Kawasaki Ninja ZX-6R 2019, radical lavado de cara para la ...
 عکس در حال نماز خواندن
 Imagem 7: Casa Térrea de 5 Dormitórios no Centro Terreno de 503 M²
════
### INSTRUCTIONS TO FOLLOW
Transcribe the full listing exactly, leaving out no line.

### SOLUTION FOR THIS TASK
Kawasaki Ninja ZX-6R 2019, radical lavado de cara para la ...
 عکس در حال نماز خواندن
 Imagem 7: Casa Térrea de 5 Dormitórios no Centro Terreno de 503 M²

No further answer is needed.